- WORK TASK:
Find the line with "Human CA2 on" in the records below. Output exactly from there until after the line with "Firulab 60ml Rosemary", without pictures.

- SOURCE MATERIAL:
=====
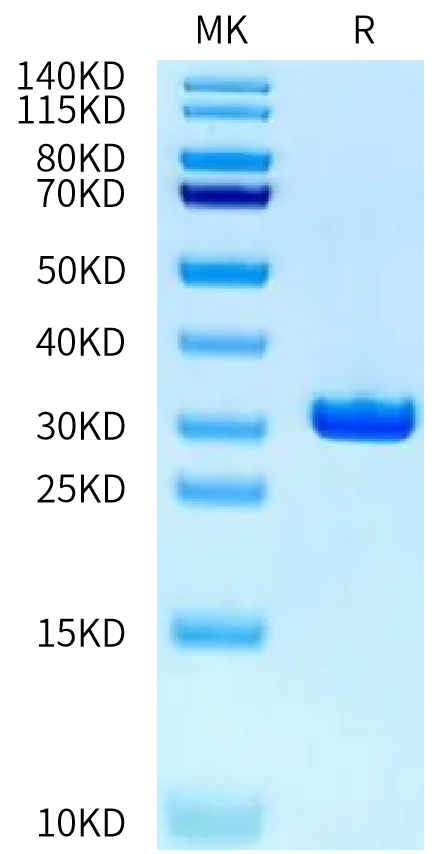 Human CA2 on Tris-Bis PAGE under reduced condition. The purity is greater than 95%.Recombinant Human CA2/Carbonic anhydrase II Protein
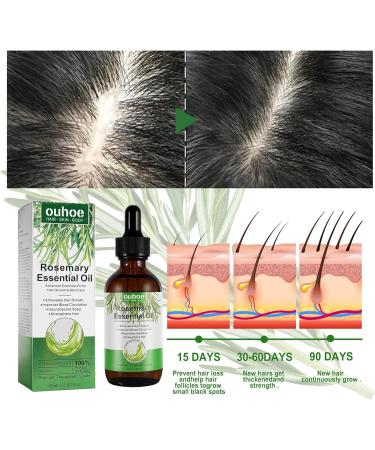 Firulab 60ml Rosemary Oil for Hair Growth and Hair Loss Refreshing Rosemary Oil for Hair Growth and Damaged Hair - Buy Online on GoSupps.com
=====
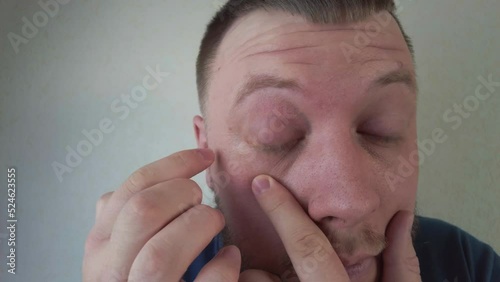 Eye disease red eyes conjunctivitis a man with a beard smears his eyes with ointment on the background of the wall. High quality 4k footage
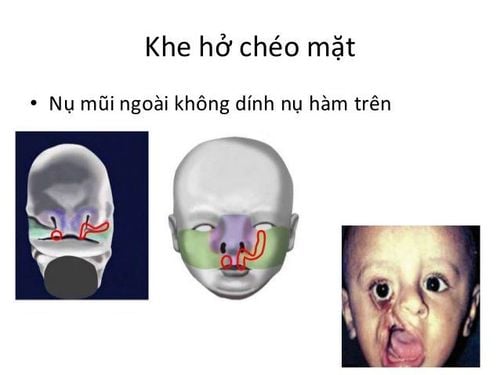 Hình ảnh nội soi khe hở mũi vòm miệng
=====
- REPLY:
 Human CA2 on Tris-Bis PAGE under reduced condition. The purity is greater than 95%.Recombinant Human CA2/Carbonic anhydrase II Protein
 Firulab 60ml Rosemary Oil for Hair Growth and Hair Loss Refreshing Rosemary Oil for Hair Growth and Damaged Hair - Buy Online on GoSupps.com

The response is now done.